The sad truth is the internet is a place where cyber criminals are after your money. Yes, by accessing this article you must be connected to the internet and therefore you are likely enjoying the benefits of a connected world, but the bad guys can't wait to catch their next victim.
But it's not exactly news that people want to trick one another for the same old thing: cold, hard, cash. What has changed over time is the tactics that are being used. Nowadays, with the high adoption of the internet and the rise of online shopping and banking, there is a noticeable uptick in phishing scams.
For starters, the chairman of Hillary Clinton's presidential campaign, John Podesta, had his Gmail account compromised thanks to a phishing email attack. The email included a link to a specially designed web page that looked legitimate, so Podesta entered in his credentials… but it turned out to actually be a scam.
So how can you tell if you're on a safe, legitimate website? How can you be sure the site is what it claims to be? Here are several ways to determine if a website is fake.
Check the URL
We strongly recommend making a habit of checking the address bar in your browser, as the URL that is displayed there contains pivotal information for safe browsing. For starters, here is some basic info that's essential to knowing whether you are on a safe page or not based on how the URL is constructed:
Avoid HTTP Connections
Alongside the domain, there is another factor that gives away a fraudulent site: the connection security. This will make or break the privacy of the information that you transfer over the internet; if the website uses HTTP, you should know that the connection is not private and that anyone can intercept or manipulate the information you send.
A secure connection is created by SSL (secure socket layer) which has since been succeeded by TLS (Transport Layer Security). If the connection protocol within the URL shows HTTPS, you know that the connection to that website is secure.
In other words, don't fall for a huge discount and make a purchase at an online store that uses an HTTP connection. By doing so you'll hand over your credit card details to cyber criminals, along with an invitation to use your funds at their free will.
How to Avoid Entering Passwords on Phony Websites
Before entering credit card details on a payment page, we recommend checking the authenticity, armed with your newfound knowledge of URLs and connectivity. Of course, the autofill feature of browsers will offer to fill out forms on any website, but it's up to you whether or not to allow it.
Here is the checklist we recommend using before entering any sensitive data:
- Check the URL for any signs of a phishing scam. If the URL is long and/or complicated, then navigate away immediately and delete any cookies that were stored by your browser.

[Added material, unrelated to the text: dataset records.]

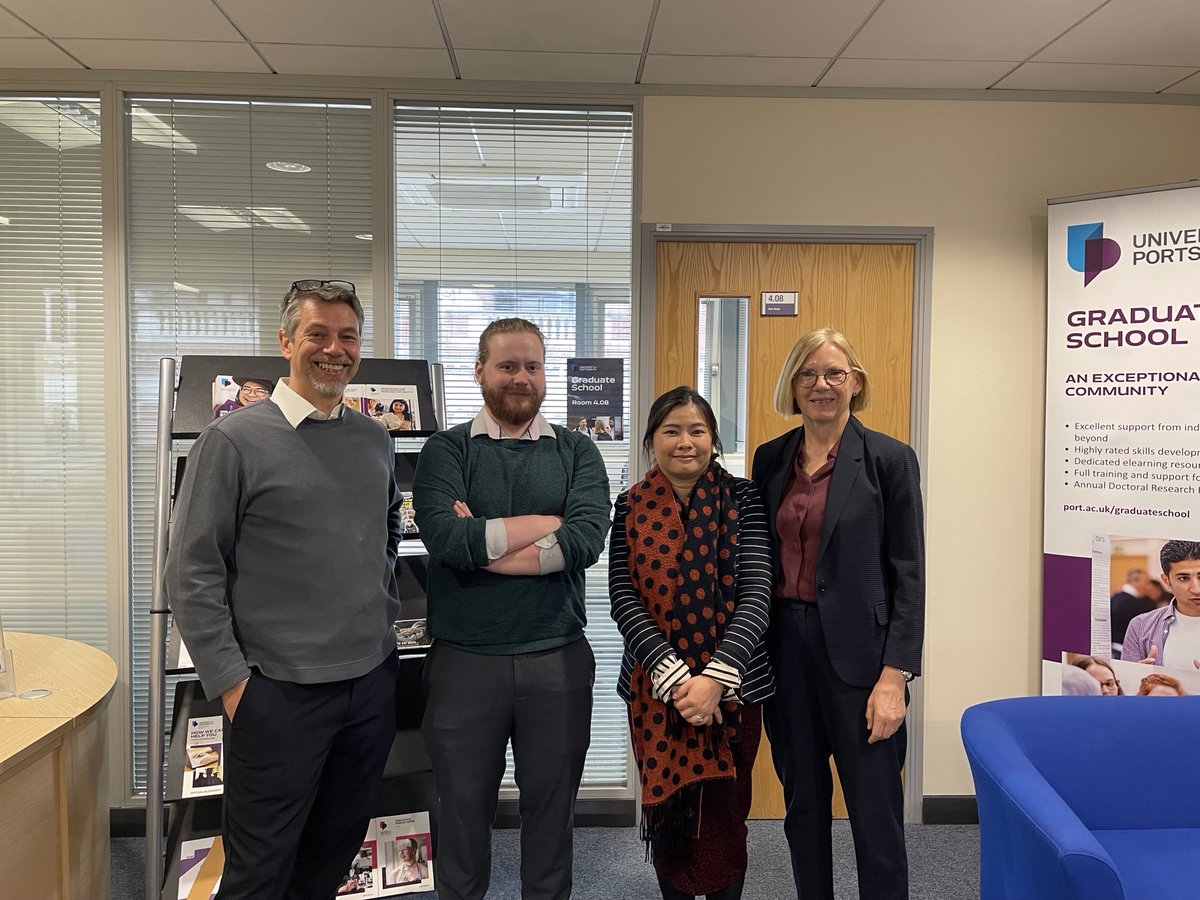 YiLingLai's tweet photo. I am so happy to share Andrew Marren had passed his PhD viva today. An #evidencebased  Exploration of #TherapeuticCoaching: Defining a #coaching  Approach for #CancerPatients This PhD is funded by @FountainCentre  @RoyalSurreyHospital &amp; @portsmouthuni @UoPBusiness @DVLQ https://t.co/rNsBWKpoj0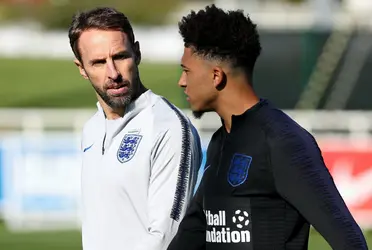 Three England players have been told to delay their arrival to their national team after breaking the government's coronavirus rules.
 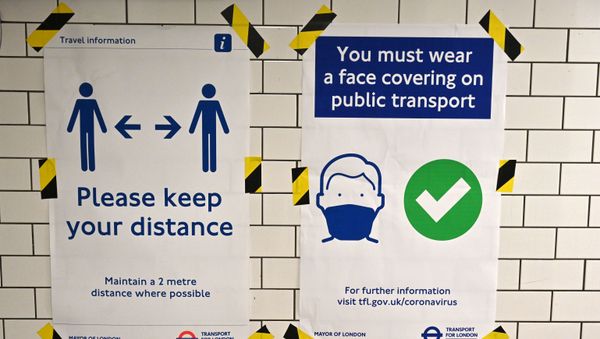 Posters advise people on social distancing and the wearing of face coverings on the underground network, at Notting Hill tube station in London, on June 15, 2020 after new rules make wearing face coverings on public transport compulsory while the UK further eases its coronavirus lockdown. Posters advise people on social distancing and the wearing of face coverings on the underground network, at Notting Hill tube station in London, on June 15, 2020 after new rules make wearing face coverings on public transport compulsory while the UK further eases its coronavirus lockdown. - Sputnik International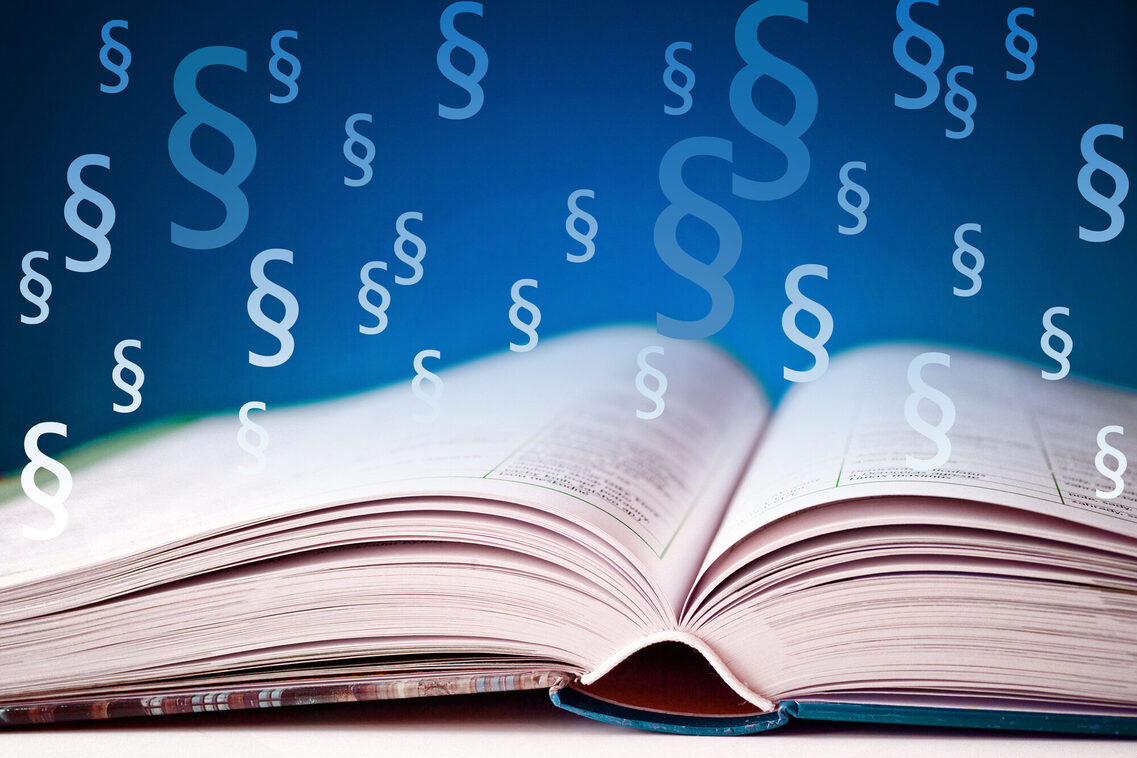 Aufgeschlagenes Buch mit blauem Hintergrund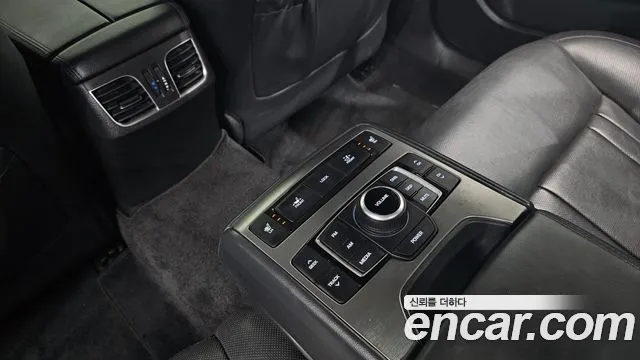 Hyundai Genesis 2014 thumb 4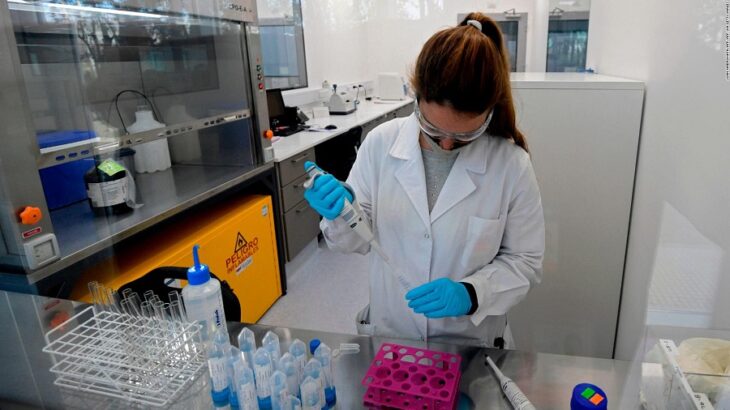 Analizan la aparición de una nueva mutación de coronavirus en la Argentina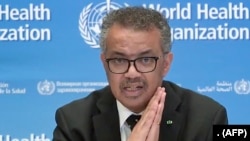 Direktur Jenderal Organisasi Kesehatan Dunia (WHO) Tedros Adhanom Ghebreyesus dalam pengarahan harian mengenai wabah virus corona di markas WHO di Jenewa, 23 Maret 2020. (Foto: AFP)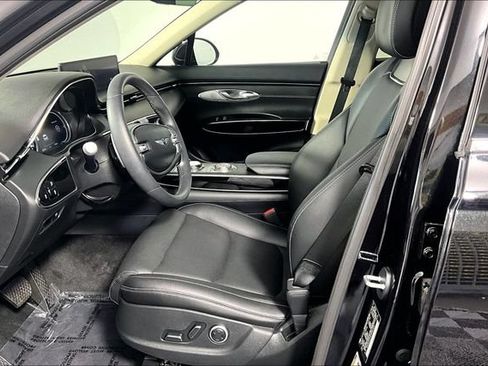 Used 2025 Genesis GV70 2.5T AWD/4WD image 13
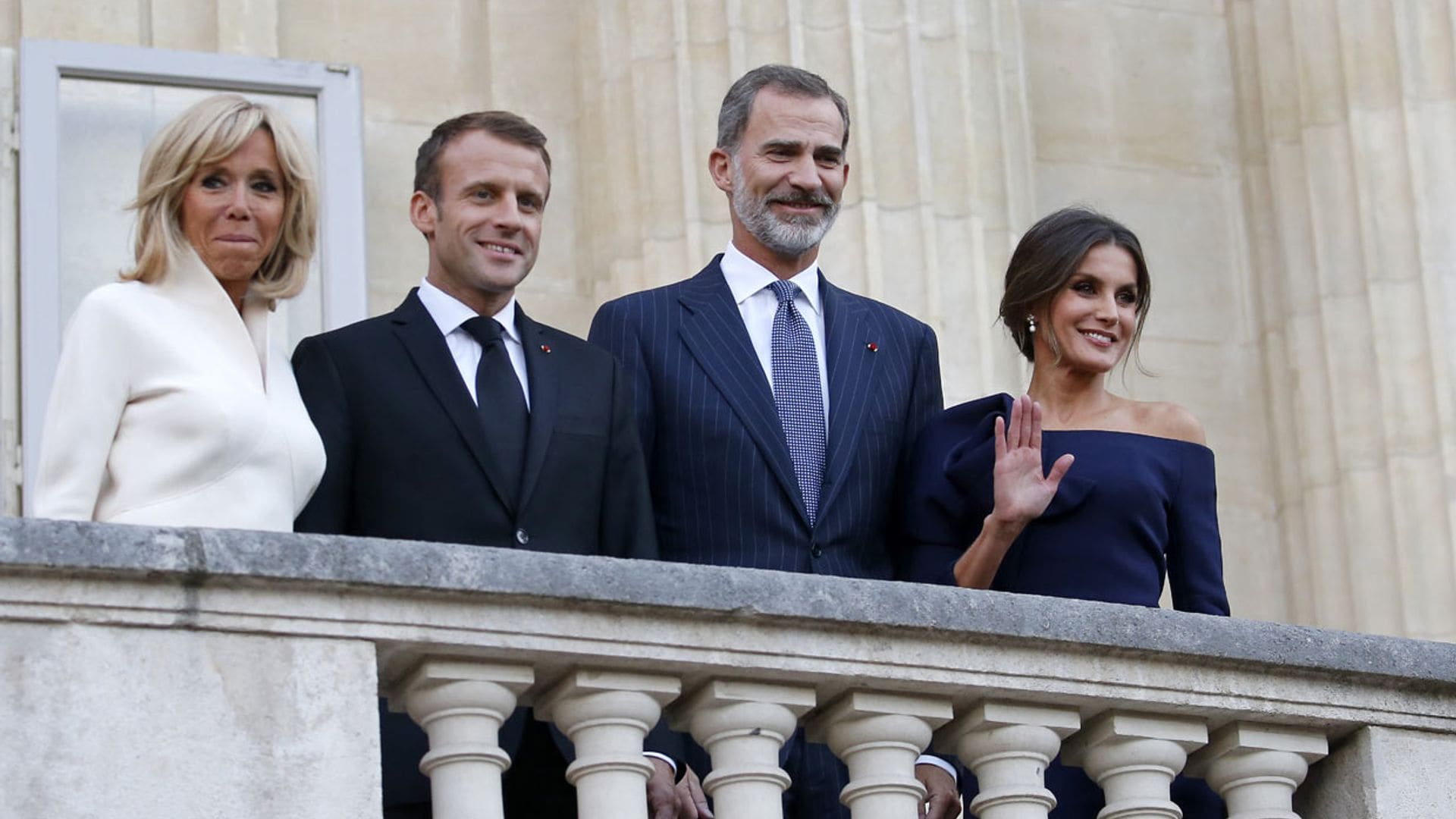 Los Reyes continúan con sus planes pese al coronavirus: se volverán a encontrar en París con los Macron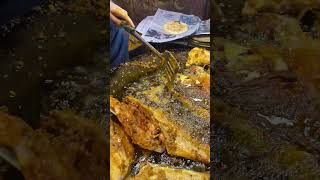 Baba Tabay ki Mashahur Fried Fish | Soft And Crispy Fish Ghanta Ghar Peshawar #shorts #viral #food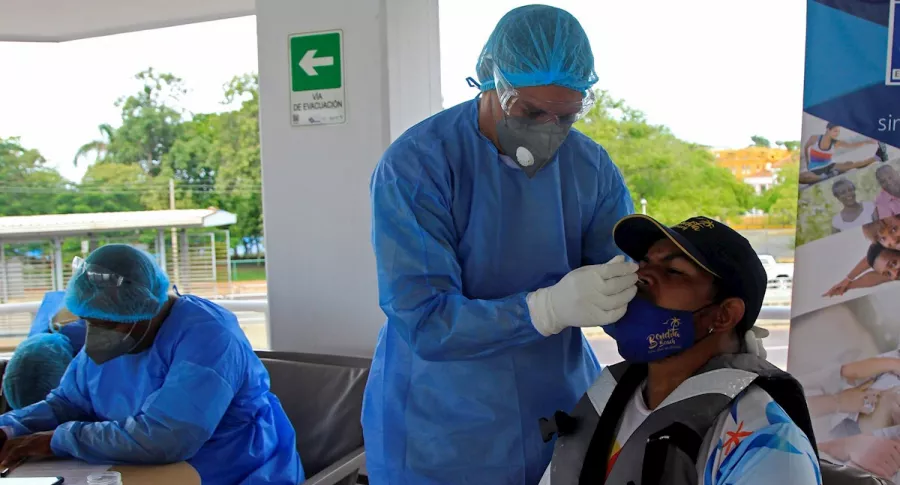 Coronavirus en Colombia: casos y muertos hoy octubre 10. Médicos realizando prueba de coronavirus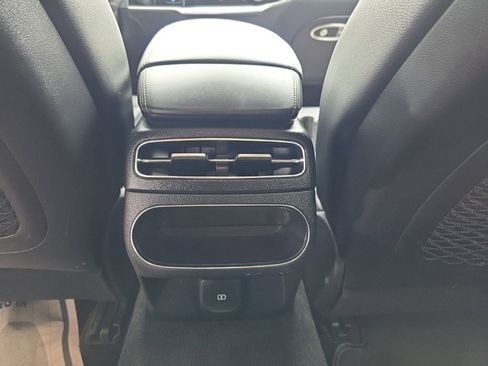 Used 2025 Genesis GV70 2.5T image 11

- Look for the padlock. If it's HTTPS, you'll see a padlock or a key on the left side of the address bar.
How Password Managers Prevent You From Entering Data on Scam Sites
The best way to protect yourself against scam sites is by using a password manager. Once you have saved the credentials for a specific website, it won't autofill the data unless the URL matches the one in its database. In other words, even if you do click on a phishing email prompting you to log into Gmail, the password manager won't autofill in your credentials because it first checks to see if the URL matches one saved in the secure vault – if it isn’t, it won’t have any data to enter. If the phishing site is based on a site you regularly visit, this will be a surefire giveaway that there is something fishy going on.
Strengthen Online Security With a VPN
In addition to using a password manager, it is recommended that you enable a VPN service to give an extra layer of security, because doing so encrypts your internet connection so that the data you are sending will look like gibberish to any prying eyes.
However, if you have ever found yourself in the awkward situation of having entered your login credentials into a scam site – which could happen if the login is not yet saved in the password manager’s vault – then there are three things you can do:
- Change the password immediately using a password manager to generate a cryptographically secure password.
- Change the recovery questions as well, because hackers may use those to gain access elsewhere.
- If you used that password anywhere else, change it there as well.